ABOUT THIS EXERCISE → The reply is to be the lines from the one with "Forfait 3 soins - Oxyneedling Optimum" through the last line of the records below, each retyped exactly, with pictures left out.

THE DATA →
◆ ◆ ◆
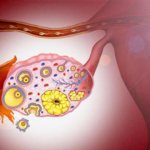 chronic adnexitis treatment at home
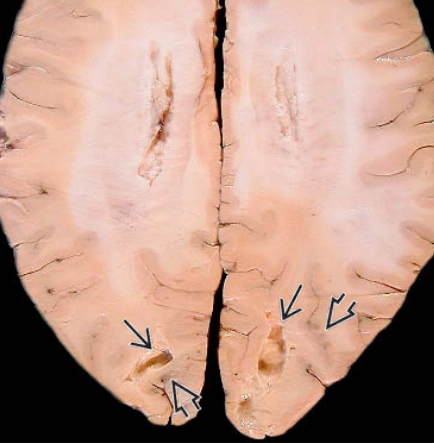 PRES- Hội chứng bệnh não sau có hồi phục (Posterior Reversible Encephalopathy Syndrome )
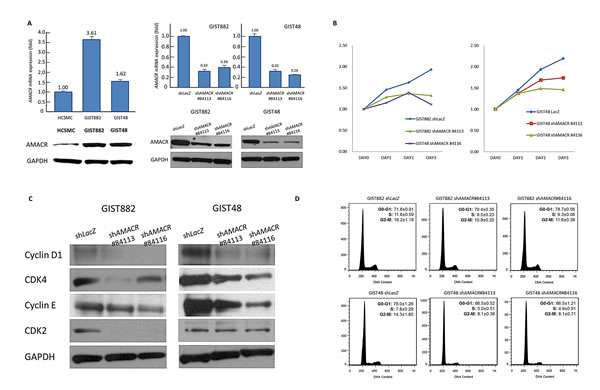 Figure-4: AMACR overexpression confers tumor aggressiveness by promoting in vitro growth of GIST cell lines.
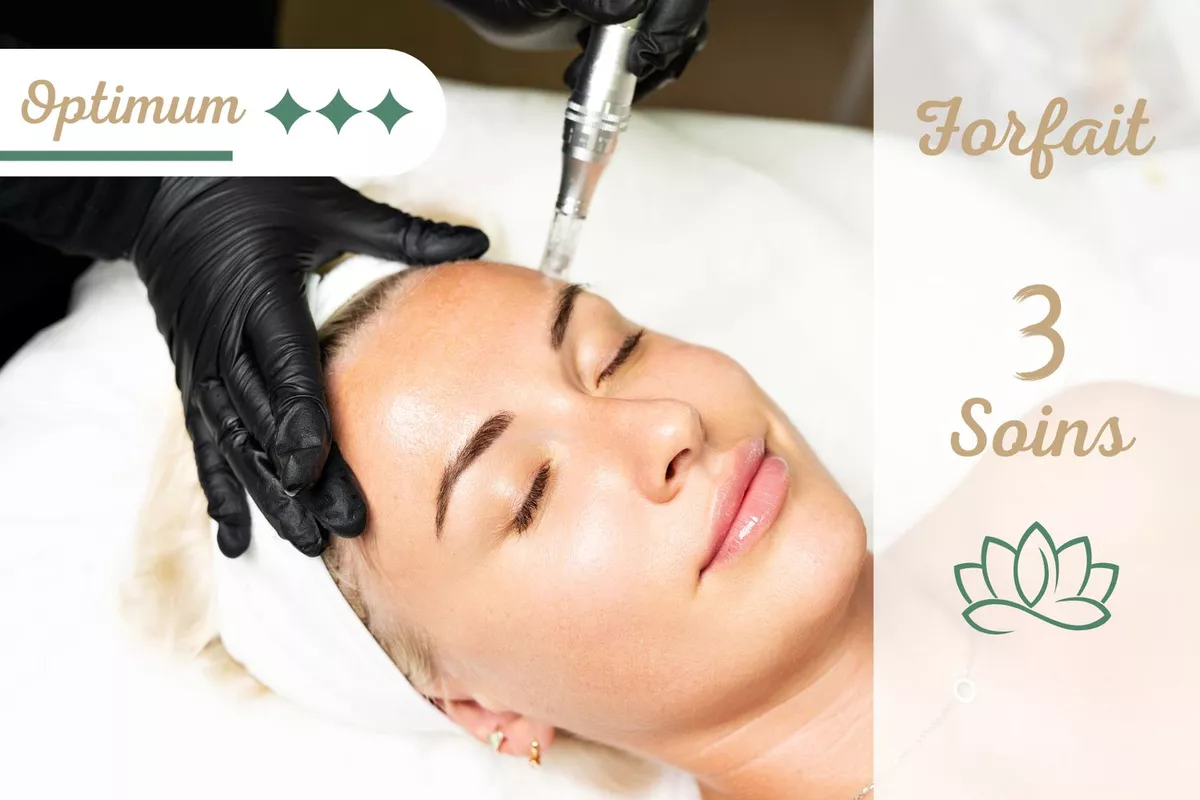 Forfait 3 soins - Oxyneedling Optimum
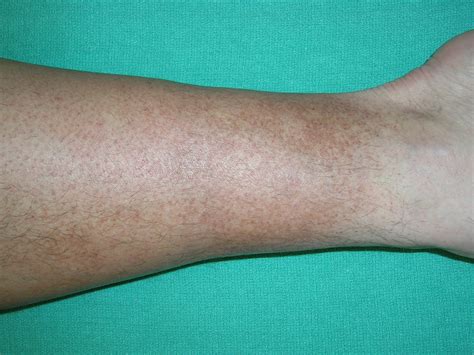 3 Ways To Get Rid Of Skin Discoloration On Your Feet Heidi Salon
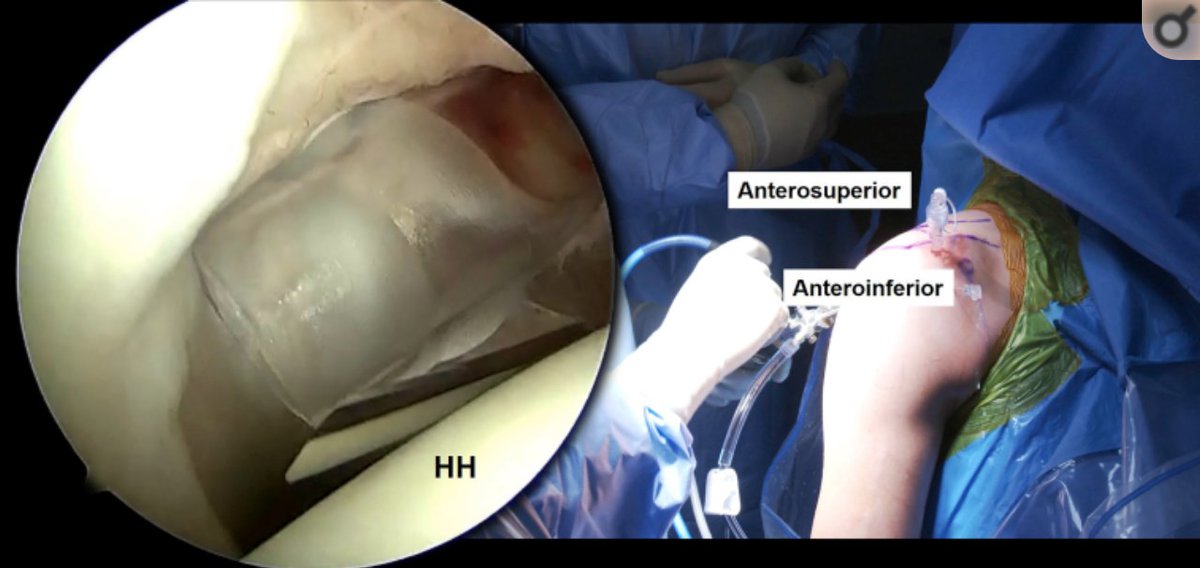MillettMD's tweet photo. The purpose of this study is to describe the preferred surgical technique with a #rotatorcuffโsparing approach for arthroscopic #SLAPrepair with all-suture anchors. https://t.co/XC7GC4l1Ze #medtwitter https://t.co/hcrlWlJ1qG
◆ ◆ ◆
ANSWER FOR THE TASK →
 Forfait 3 soins - Oxyneedling Optimum
 3 Ways To Get Rid Of Skin Discoloration On Your Feet Heidi Salon
MillettMD's tweet photo. The purpose of this study is to describe the preferred surgical technique with a #rotatorcuffโsparing approach for arthroscopic #SLAPrepair with all-suture anchors. https://t.co/XC7GC4l1Ze #medtwitter https://t.co/hcrlWlJ1qG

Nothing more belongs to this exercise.